### Lecture 2: Loss functions and optimization

##### 1) Loss function:
* <u>**General formulation:**</u> $$ L=\frac{1}{N} \sum_i L_i(f(x_i,W),y_i)$$
* <u>**Multiclass SVM loss:**</u> for each sample $\{x_i,y_i\}$, compute hinge loss ($s_k$ is the score for class $k$, for example Wx+b in the case of linear classifier). Meaning, the loss is low if the true label score is much higher than all the other label scores (by some safety margin - here 1, choice does not really matter since the weights will be scaled accordingly): 
            $$L_i = \sum_{j\neq y_i} {max(0, s_j - s_{y_i} +1)}$$
* <u>**Regularization:**</u> 
    - if we only consider data loss, we face overfitting problem (the classifier will try to match the data as much as possible without good generalization for unseen samples - the test set). Regularization aims to simplify the model for a better generalization ($\lambda$ is a hyperparameter).
            $$ L(W)=\frac{1}{N} \sum_i L_i(f(x_i,W),y_i) + \lambda R(W)$$
    - Examples: 
        - L1: $R(W) = \sum_k \sum_l W_{k,l}^2$
        - L2: $R(W) = \sum_k \sum_l |W_{k,l}|$ (also: MAP inference using Gaussian prior on W)
        - Elastic net (L1 + L2): $R(W) = \sum_k \sum_l \beta W_{k,l}^2 + |W_{k,l}|$
        - Batch normalization, dropout, max norm, stochastic depth
    - In a nutshell, penalizes the complexity of the model.

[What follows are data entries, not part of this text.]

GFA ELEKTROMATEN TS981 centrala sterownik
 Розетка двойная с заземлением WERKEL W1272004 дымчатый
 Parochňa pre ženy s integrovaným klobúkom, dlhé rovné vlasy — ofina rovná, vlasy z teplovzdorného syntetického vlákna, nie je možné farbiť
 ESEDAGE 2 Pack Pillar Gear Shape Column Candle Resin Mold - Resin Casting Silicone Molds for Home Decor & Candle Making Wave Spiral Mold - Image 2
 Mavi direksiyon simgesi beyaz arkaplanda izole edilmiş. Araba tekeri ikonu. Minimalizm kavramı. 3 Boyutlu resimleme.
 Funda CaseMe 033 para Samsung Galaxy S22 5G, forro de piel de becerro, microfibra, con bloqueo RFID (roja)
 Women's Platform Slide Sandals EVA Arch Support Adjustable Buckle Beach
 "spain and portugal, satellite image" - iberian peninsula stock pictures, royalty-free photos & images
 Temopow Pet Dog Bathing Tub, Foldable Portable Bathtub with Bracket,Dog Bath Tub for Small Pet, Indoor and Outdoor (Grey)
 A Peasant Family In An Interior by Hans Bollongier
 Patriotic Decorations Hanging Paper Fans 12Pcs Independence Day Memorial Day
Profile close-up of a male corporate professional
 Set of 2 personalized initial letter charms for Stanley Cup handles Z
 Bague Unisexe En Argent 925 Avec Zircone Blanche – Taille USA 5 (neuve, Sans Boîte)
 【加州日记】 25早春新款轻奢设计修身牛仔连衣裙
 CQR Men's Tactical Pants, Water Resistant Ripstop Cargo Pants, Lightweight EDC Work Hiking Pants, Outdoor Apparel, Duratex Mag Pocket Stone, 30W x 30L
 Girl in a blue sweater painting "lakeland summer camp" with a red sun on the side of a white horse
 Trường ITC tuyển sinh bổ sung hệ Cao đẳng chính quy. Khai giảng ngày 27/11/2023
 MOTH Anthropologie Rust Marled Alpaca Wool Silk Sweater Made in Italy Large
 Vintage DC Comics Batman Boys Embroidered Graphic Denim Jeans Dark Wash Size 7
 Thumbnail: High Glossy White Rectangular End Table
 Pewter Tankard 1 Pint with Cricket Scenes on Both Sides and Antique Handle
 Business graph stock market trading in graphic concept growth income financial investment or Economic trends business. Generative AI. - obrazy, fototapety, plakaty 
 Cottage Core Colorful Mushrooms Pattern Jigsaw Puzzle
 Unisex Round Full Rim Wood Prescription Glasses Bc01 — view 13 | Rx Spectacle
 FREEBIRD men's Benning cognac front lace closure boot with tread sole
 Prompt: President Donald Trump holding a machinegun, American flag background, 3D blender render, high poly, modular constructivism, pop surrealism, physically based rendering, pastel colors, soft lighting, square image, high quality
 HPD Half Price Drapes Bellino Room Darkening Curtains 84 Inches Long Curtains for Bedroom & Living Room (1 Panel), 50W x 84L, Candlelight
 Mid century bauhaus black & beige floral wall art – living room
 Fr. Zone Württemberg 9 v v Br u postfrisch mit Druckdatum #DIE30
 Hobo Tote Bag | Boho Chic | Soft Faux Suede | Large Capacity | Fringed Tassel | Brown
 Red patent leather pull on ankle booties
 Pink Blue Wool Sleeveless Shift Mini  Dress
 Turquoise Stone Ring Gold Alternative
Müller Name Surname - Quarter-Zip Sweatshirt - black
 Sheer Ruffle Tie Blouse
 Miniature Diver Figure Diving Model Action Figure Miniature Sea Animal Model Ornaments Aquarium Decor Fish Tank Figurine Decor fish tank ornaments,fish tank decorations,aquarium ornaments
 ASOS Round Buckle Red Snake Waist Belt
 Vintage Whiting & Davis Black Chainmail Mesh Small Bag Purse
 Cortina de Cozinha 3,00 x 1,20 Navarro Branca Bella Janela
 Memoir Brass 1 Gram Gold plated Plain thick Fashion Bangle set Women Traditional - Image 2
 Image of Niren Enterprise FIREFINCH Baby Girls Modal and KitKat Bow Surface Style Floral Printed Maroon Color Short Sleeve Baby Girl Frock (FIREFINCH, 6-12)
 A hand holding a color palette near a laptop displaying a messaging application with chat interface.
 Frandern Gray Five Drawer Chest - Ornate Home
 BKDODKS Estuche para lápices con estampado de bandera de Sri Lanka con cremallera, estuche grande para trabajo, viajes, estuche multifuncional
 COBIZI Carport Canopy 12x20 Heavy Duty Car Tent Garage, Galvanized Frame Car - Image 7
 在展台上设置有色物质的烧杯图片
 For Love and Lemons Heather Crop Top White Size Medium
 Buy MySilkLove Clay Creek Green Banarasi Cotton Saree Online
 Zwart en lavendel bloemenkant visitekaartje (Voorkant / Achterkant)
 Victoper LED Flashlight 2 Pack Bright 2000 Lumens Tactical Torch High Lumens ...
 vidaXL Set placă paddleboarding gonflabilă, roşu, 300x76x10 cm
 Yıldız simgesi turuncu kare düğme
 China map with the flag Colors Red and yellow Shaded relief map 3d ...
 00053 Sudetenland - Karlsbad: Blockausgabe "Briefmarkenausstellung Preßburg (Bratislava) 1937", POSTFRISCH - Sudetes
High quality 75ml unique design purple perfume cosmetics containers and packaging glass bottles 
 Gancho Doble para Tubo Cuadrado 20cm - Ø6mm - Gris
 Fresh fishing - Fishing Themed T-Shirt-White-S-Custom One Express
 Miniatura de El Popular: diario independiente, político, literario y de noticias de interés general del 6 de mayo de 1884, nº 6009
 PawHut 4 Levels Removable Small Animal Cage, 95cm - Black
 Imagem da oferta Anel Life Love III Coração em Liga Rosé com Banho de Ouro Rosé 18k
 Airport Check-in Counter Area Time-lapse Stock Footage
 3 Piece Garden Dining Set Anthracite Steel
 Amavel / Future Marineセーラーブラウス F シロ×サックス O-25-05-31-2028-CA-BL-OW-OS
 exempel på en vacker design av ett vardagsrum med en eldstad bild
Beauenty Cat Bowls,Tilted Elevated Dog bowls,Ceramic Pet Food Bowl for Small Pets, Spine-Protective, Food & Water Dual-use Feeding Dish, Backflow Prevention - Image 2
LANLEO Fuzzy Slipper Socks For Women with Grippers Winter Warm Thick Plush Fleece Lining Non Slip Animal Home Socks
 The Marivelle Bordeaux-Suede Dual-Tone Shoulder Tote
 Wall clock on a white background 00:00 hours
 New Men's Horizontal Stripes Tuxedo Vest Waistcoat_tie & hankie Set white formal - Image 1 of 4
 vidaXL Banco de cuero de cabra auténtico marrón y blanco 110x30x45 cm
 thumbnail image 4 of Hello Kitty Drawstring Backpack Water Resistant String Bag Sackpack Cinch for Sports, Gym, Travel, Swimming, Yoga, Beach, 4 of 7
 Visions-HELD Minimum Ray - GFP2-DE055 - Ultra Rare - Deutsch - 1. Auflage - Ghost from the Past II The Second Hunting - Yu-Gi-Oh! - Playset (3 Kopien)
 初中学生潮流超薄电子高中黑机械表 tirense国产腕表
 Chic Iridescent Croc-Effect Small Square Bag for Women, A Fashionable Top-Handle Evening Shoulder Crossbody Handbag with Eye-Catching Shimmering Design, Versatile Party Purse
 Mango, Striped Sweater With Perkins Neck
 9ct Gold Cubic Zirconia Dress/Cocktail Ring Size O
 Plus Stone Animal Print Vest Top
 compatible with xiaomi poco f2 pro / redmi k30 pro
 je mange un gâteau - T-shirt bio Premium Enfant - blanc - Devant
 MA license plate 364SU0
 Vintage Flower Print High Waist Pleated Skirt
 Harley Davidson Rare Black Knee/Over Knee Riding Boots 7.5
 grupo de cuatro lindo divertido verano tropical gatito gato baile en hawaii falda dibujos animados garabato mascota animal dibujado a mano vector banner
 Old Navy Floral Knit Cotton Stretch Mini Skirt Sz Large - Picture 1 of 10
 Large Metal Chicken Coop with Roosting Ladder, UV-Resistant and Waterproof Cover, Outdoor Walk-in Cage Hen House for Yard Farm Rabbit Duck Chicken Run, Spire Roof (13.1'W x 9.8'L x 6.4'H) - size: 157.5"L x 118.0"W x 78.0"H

##### 2) Softmax classifier (Multinomial Logistic Regression):
* <u>**Cross entropy loss based:**</u> 
    - We want to minimize:
            $$ L_i = -log(P(Y=y_i|X=x_i)) $$
    Assuming $ s = f(x_i,W) $ and:
            $$ P(Y=k|X=x_i) = \frac{e^{s_k}}{\sum_j e^{s_j}} $$

##### 3) Optimization:
* <u>**Numerical gradient:**</u> slow, approximate, but easy to write -> good for debugging (gradient check).
    * Consists of numerically computing the gradient for each entry of W.
* <u>**Analytical gradient:**</u> fast, exact, but error prone -> always use it.
    * Consists of analytically computing $\nabla_W L$
* <u>**Gradient descent:**</u> $W^{(t+1)} = W^{(t)} - \eta \cdot \nabla_W L$ 
    * $\eta$ is the step size (usually most important hyperparameter).
    * $\nabla_W L$ is supposed to point out to the direction of a minimum.
* <u>**Stochastic Gradient Descent (SGD):**</u>
    * Computing the full $\nabla_W L(W)=\frac{1}{N} \sum_i \nabla_W L_i(f(x_i,W),y_i) + \lambda \nabla_W R(W)$ is computationally expensive.
    * Instead, at each iteration, we sample a minibatch of samples (typically, N=32,64,128,...) and compute $\nabla_W L(W)$ over it, and update the weights accordingly.